Assuming your blacklist of bad words to be masked are fully comprised of letters or at least of word characters (allowing for digits and underscores), you won't need to call preg_quote()
before imploding and inserting into the regex pattern.
Use the \G
metacharacter to continue matching after the first letter of a qualifying word is matched. Every subsequently matched letter in the bad word will be replaced 1-for-1 with an asterisk.
\K
is used to forget/release the first letter of the bad word.
This approach removes the need to call preg_replace_callback()

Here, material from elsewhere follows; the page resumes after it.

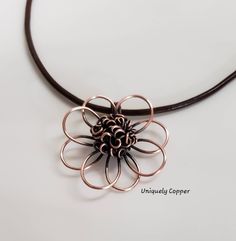 This gorgeous copper flower necklace is a perfect gift for your 7th Anniversary, Copper Anniversary, 22nd Anniversary, or as a gift for that special women in your life! The copper flower has been hand shaped, hammered, and wire wrapped to create the beautiful center of this copper pendant. It measures approximately 2 inches wide and 2 inches long. It has been antiqued and polished to a beautiful shine and is clear coated to protect the antique finish. It comes with your choice of either a black, 22nd Anniversary, Copper Anniversary Gifts, Copper Anniversary, Copper Gifts, Copper Cuff Bracelet, Leather Corded Necklace, 7th Anniversary, Copper Cuff, Flower Pendant Necklace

to measure every matched string and write N asterisks after the first letter of every matches bad word in a block of text.
Breakdown:
/ #start of pattern delimiter
(?: #non-capturing group to encapsulate logic
\b #position separating word character and non-word character
(?= #start lookahead -- to match without consuming letters
(?:fook|shoot) #OR-delimited bad words
\b #position separating word character and non-word character
) #end lookahead
\w #first word character of bad word
\K #forget first matched word character
| #OR -- to set up \G technique
\G(?!^) #continue matching from previous match but not from the start of the string
) #end of non-capturing group
\w #match non-first letter of bad word
/ #ending pattern delimiter
i #make pattern case-insensitive
Code: (Demo)
$bad = ['fook', 'shoot'];
$pattern = '/(?:\b(?=(?:' . implode('|', $bad) . ')\b)\w\K|\G(?!^))\w/i';
echo preg_replace($pattern, '*', 'Holy fook n shoot, Batman; The Joker\'s shooting The Riddler!');
// Holy f*** n s****, Batman; The Joker's shooting The Riddler!